*WHAT THIS TASK INVOLVES*: This task calls for the lines below starting at the one containing "2 bed property, in Maple Drive, £190,000" and ending at the one containing "Villa Life Agia Marina エクステリア 写真", repeated exactly with both ends kept and pictures left out.
======== DATA SUPPLIED ========
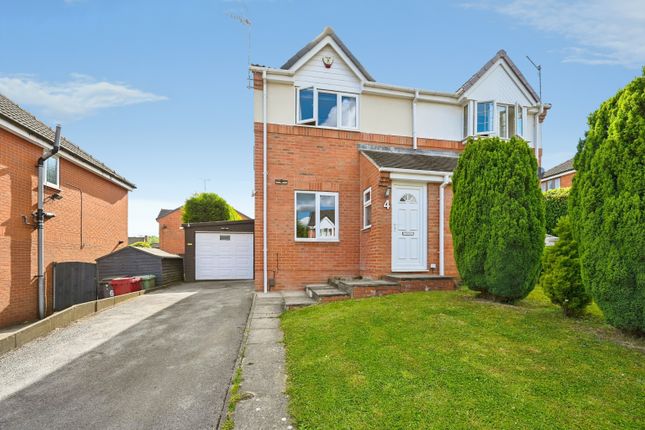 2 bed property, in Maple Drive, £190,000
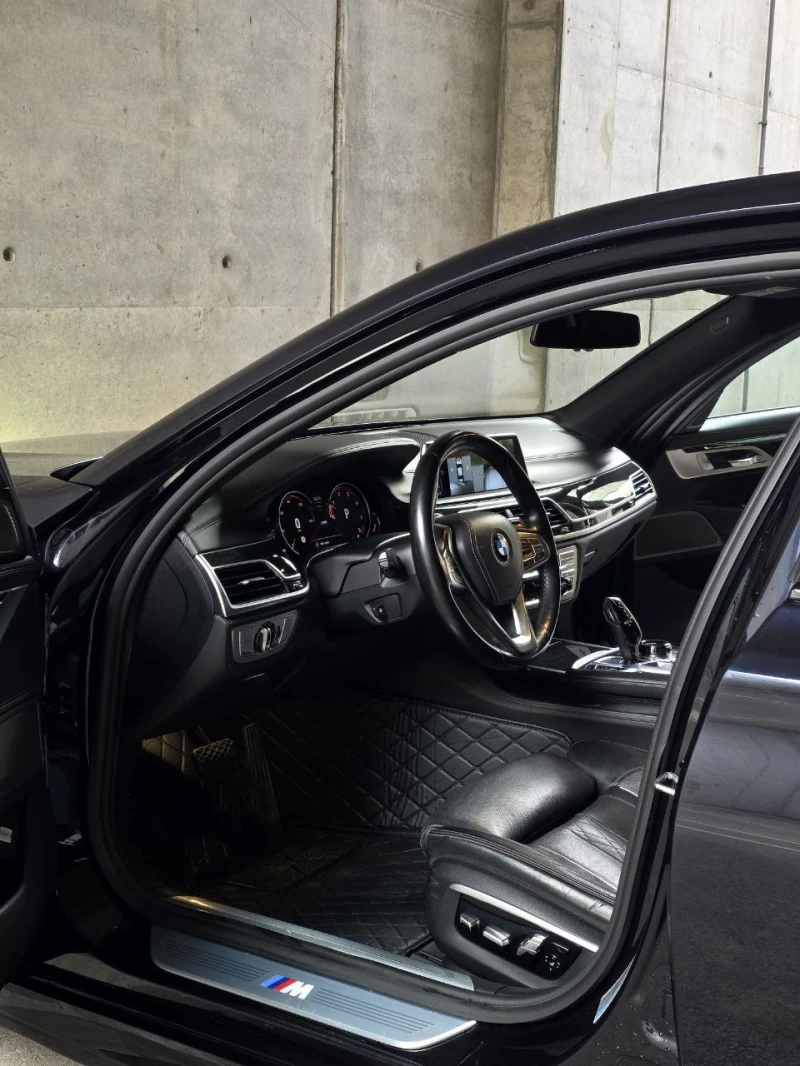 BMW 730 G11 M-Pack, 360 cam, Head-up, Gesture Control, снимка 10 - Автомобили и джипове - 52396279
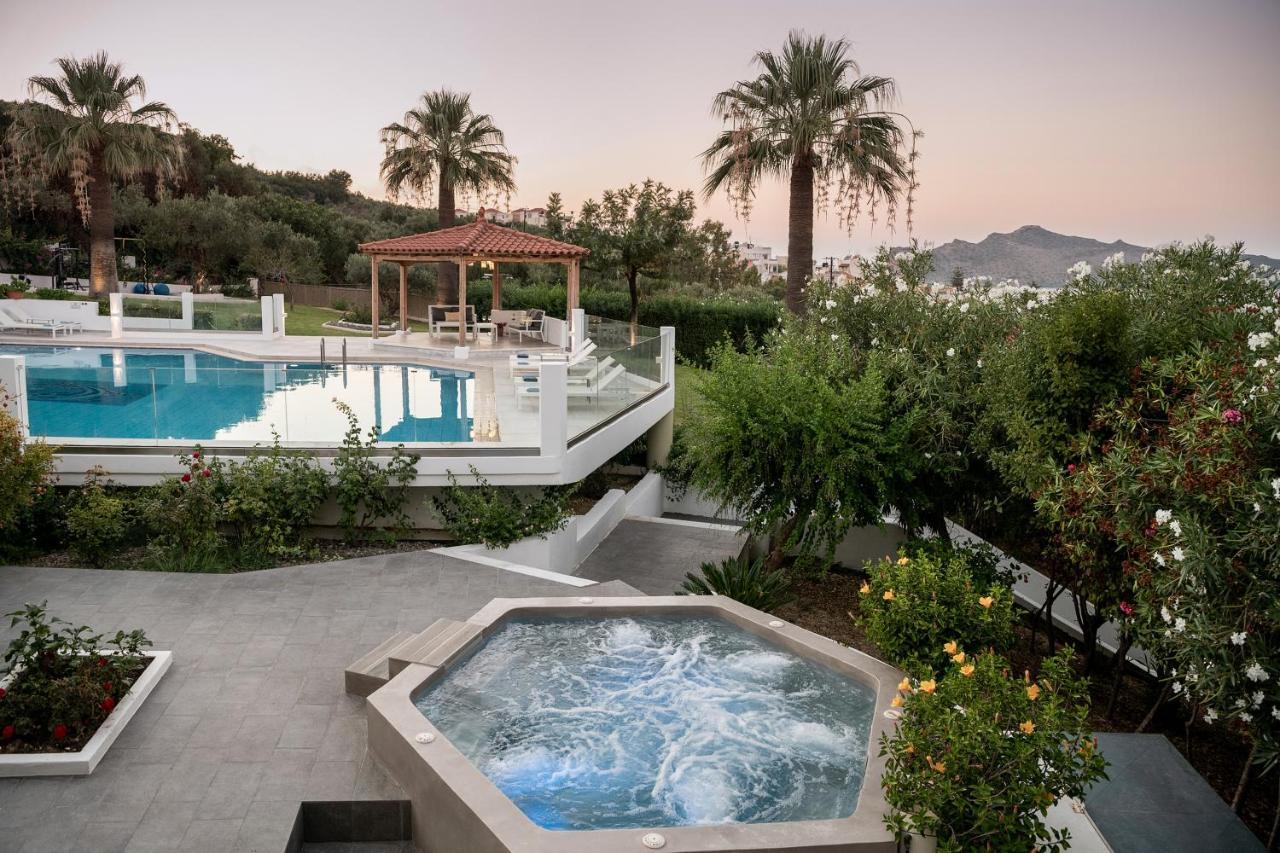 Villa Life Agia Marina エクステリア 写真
========
======== DATA SUPPLIED ========
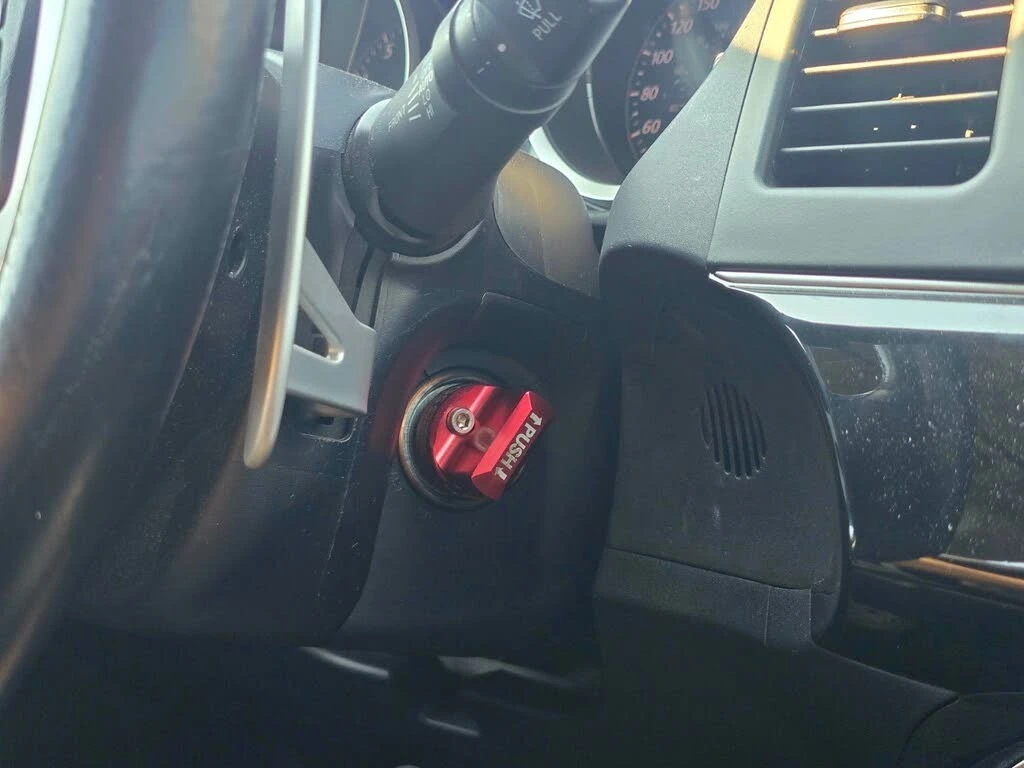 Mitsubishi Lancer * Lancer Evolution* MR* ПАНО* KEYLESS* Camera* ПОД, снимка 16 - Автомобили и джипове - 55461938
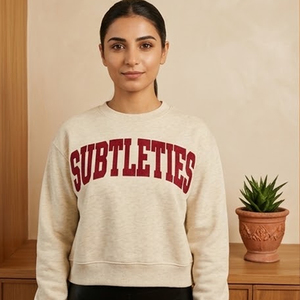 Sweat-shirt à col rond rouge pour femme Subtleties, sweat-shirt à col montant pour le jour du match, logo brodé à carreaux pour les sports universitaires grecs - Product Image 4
========
======== DATA SUPPLIED ========
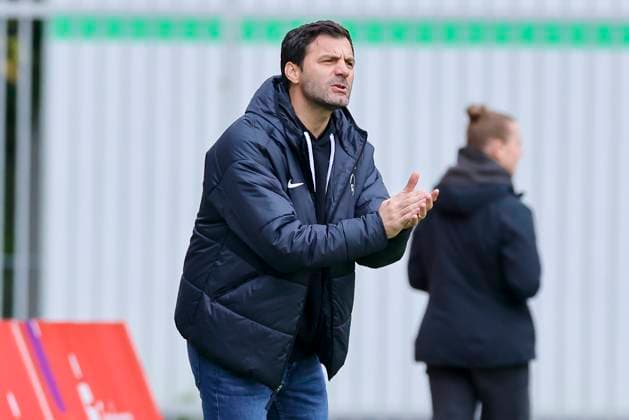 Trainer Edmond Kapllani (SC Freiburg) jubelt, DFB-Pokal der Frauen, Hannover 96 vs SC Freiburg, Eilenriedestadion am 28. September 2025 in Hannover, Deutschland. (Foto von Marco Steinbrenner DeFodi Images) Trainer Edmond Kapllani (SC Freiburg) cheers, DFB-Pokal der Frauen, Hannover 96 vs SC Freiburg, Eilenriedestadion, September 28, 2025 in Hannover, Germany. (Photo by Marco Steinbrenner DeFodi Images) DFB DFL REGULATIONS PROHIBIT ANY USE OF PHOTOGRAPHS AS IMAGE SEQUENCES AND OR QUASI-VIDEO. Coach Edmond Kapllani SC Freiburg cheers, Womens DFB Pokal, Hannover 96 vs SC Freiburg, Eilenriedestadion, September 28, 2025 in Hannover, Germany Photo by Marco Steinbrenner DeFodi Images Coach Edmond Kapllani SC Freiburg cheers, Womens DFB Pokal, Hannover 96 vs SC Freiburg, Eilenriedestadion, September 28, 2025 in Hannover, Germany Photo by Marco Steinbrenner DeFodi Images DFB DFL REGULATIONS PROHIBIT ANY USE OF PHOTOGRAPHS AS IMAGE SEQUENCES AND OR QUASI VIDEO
========
*THE COMPLETED TASK*:
 2 bed property, in Maple Drive, £190,000
 BMW 730 G11 M-Pack, 360 cam, Head-up, Gesture Control, снимка 10 - Автомобили и джипове - 52396279
 Villa Life Agia Marina エクステリア 写真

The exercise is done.